On a recent walk through the suburb I grew up in, déjà vu struck and I was overcome with a sudden sense of Xtra-Vision.
It was a summer Saturday evening, exactly the time we used to drift down to the pokey but possibility-filled store to stare at the same unchosen cassette boxes we had stared at the week before.
If the newest of new releases had been nabbed, our fate was to reconsider titles we had rejected on countless previous trips and either commit to the best of them, or slink home empty-handed and faintly bereft.
Confronted with more choice than had been available to earlier generations, we panicked about making the wrong one and paying for a dud.
Whenever people report being trapped in a state of permanent Netflix scrolling in which they never press play – only up, down, right and left through the decks of its catalogue – I remember there is nothing new under the sun.

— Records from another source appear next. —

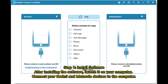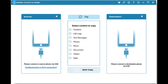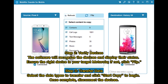Step 1: Install the software. After installing the software, launch it on your computer. Connect your Redmi and Motorola devices to the computer. Step 2: Verify Devices. The software will recognize the devices and display their status. Ensure the right device is your target Motorola. If not, click Flip.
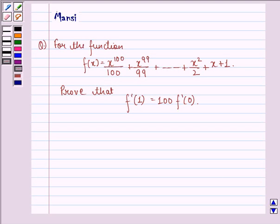Hello and welcome to the session. My name is Mansi and I am going to help you with the following question.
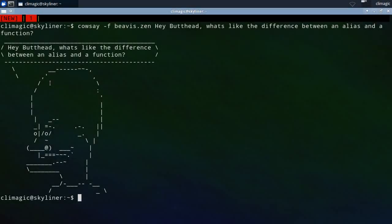This video is going to cover the differences between what an alias does and what a function does and basically when to use them.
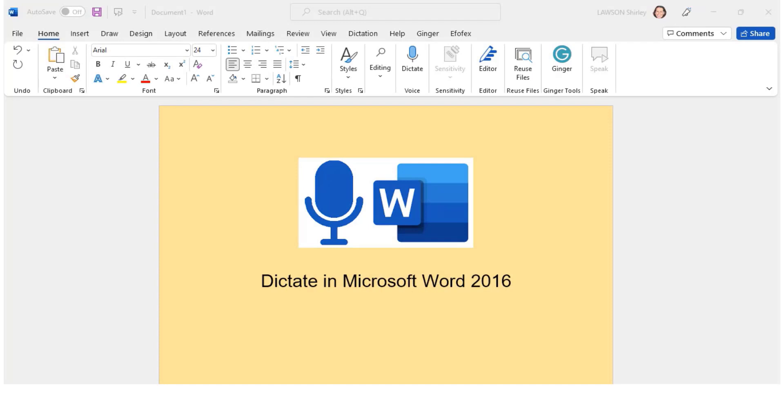Dictate is a tool in Microsoft Word that allows you to speak and the words are converted into text on the page. It's a quick and easy way to get your thoughts down, to write an essay or to capture notes.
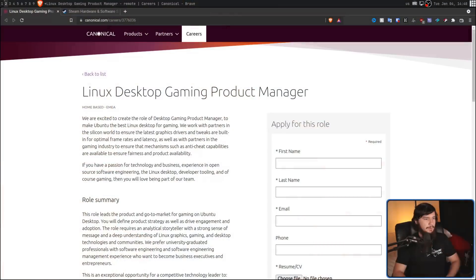Do you want to work for Canonical? Well, now you can, because right now they are hiring a Linux desktop gaming product manager. Now you might be thinking, wait, Canonical and gaming? Better yet, Canonical caring about the Linux desktop altogether.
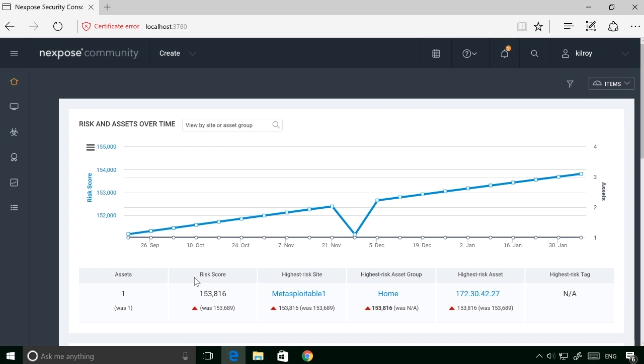I've got Nexpose Community Edition open to the home page for this particular web application. What we've got here is a dashboard that gives us some visibility into what we've done over time.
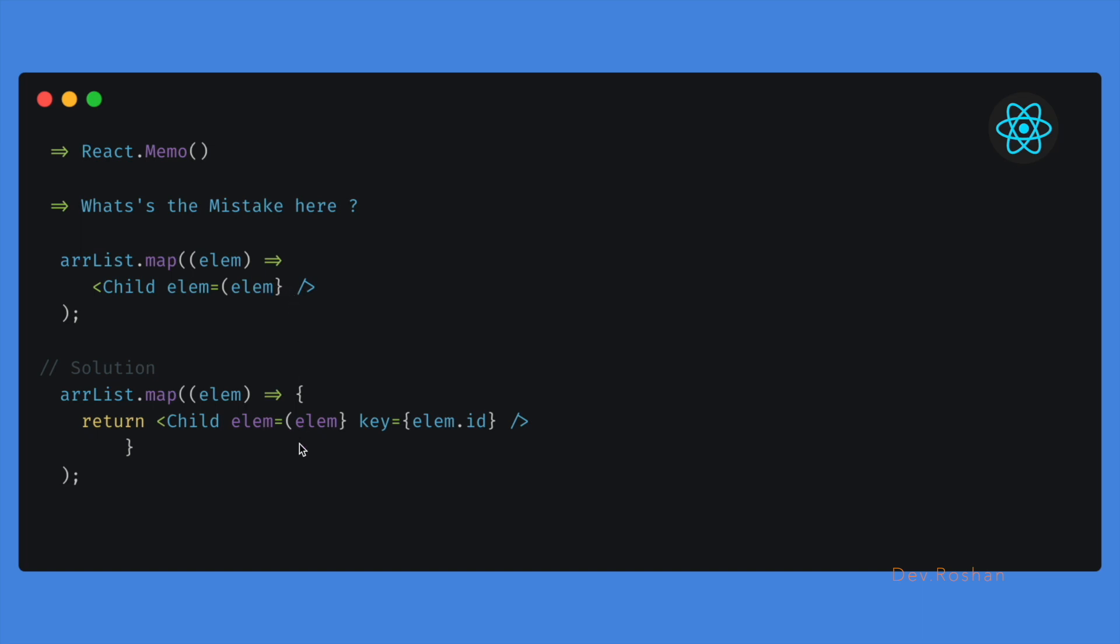The next thing was about the key. It was not provided, because whenever we are looping in React.js, we need to provide the key here so it will identify which child element has changed.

The term “analysis paralysis” predates on-demand streaming and was coined before the dawn of video rentals too. Decision fatigue has been part of the human condition probably for as long as we had more than two cave walls to daub on.
Prime evidence
But the paradox of choice – when we have so many options that we either freeze and make no choice at all or wind up feeling dissatisfied with the one we do make – is a concept that chimes hard with audiences today, and the tech-driven media knows it.

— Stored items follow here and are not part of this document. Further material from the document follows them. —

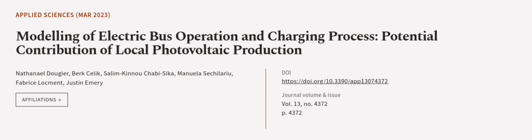This article was authored by Nathaniel Dugier, Burke Selick, Selim Kinu Chabi Sikha, and others. We are article.tv, links in the description below.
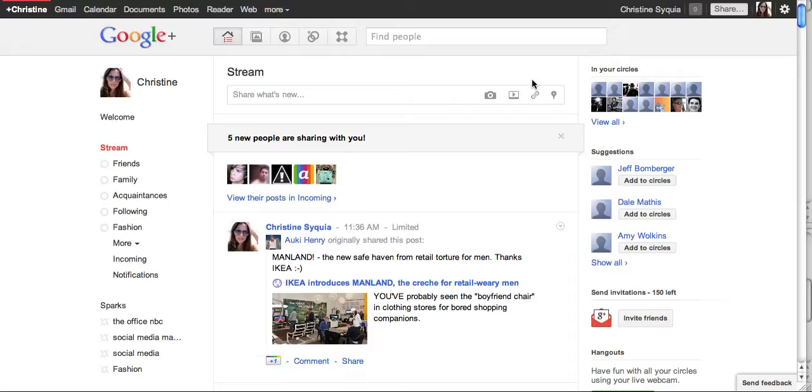I'm going to show you how to add different contacts into multiple circles and a cool trick on how you can save your favorite posts.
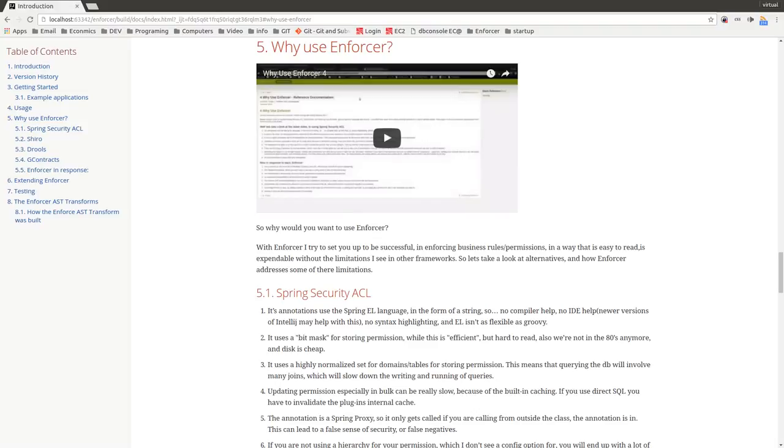The other thing that I found is updating the permissions in Spring Security, at least in older versions, I don't know if this has been fixed by now. If you're doing bulk updates, it can be really slow because of how it was doing indexing, and basically with its cache, every time that you would say if you wanted to delete all the permissions and add a new set, it would be really slow. So I had to hack it so that I actually cleared the plugin's internal cache, which was kind of hard to get at at the time.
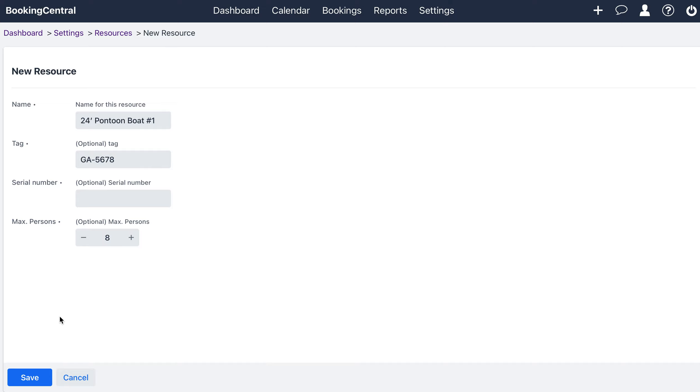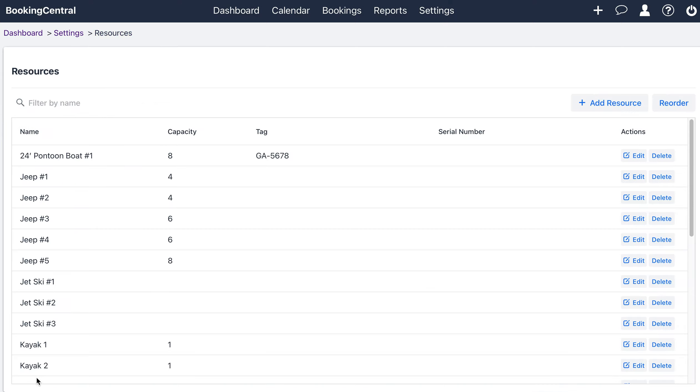Select save and continue to add more resources using the same steps.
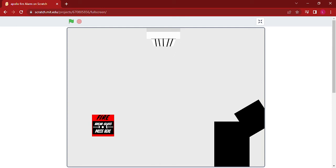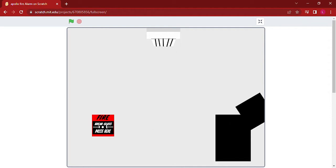Hello guys, welcome back to another video. Today I have created a Scratch game. Basically it is a fire alarm. I will show you the fire break glass first and then I'll show you the heat detector.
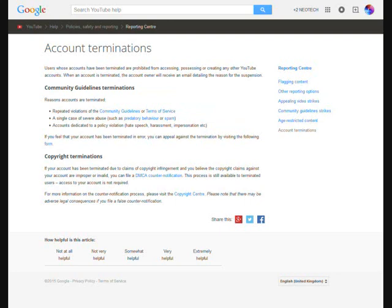If you feel that your account has been terminated in error, you can appeal against the termination by visiting the following form.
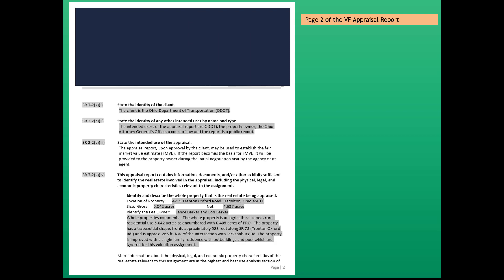All right, we're now going to go over page two of the value finding report. I've blacked out the top of the form because we've already gone over that part.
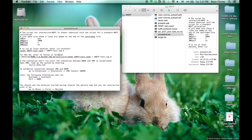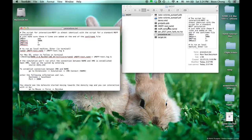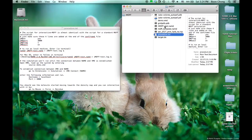The first thing to notice is that the script for interactive MDFF is almost the same as the script for a standard MDFF calculation. So let's look at the configuration file.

The same streamers that market themselves on their ultra-wide libraries of content now also do their utmost to guide subscribers to particular destinations. They develop features specifically designed to relieve us of our perennial decision-paralysis.

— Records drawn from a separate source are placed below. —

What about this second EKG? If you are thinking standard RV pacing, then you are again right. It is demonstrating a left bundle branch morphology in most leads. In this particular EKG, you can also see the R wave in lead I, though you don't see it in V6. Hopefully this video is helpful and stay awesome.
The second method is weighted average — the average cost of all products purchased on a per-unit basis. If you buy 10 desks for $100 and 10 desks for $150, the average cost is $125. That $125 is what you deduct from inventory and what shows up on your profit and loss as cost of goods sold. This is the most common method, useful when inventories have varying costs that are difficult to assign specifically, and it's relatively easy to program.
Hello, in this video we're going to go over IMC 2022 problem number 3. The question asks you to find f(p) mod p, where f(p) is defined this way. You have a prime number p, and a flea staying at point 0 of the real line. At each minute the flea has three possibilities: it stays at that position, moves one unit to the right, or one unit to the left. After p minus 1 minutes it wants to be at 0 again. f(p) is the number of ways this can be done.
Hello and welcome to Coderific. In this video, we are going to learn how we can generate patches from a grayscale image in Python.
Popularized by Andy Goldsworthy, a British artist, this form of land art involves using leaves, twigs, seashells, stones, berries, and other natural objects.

Prime evidence of this is the Netflix shuffle or “Play Something” button, in which Netflix promises to “pick things for you to watch based on your tastes” – you have to, ironically, decide not to make your own decision. Play Something is framed as a partially random, daring resort to the vagaries of an all-seeing algorithm. It presents itself as the personalised solution to your problems, unlike the top-down, broad-brush scheduling of linear television.
The shuffle button’s selection, in my experience, tends to be an already prominent new addition to the platform, rather than titles that have been languishing unwatched on your list or in some hidden corner for years. This makes it less fun than it could be.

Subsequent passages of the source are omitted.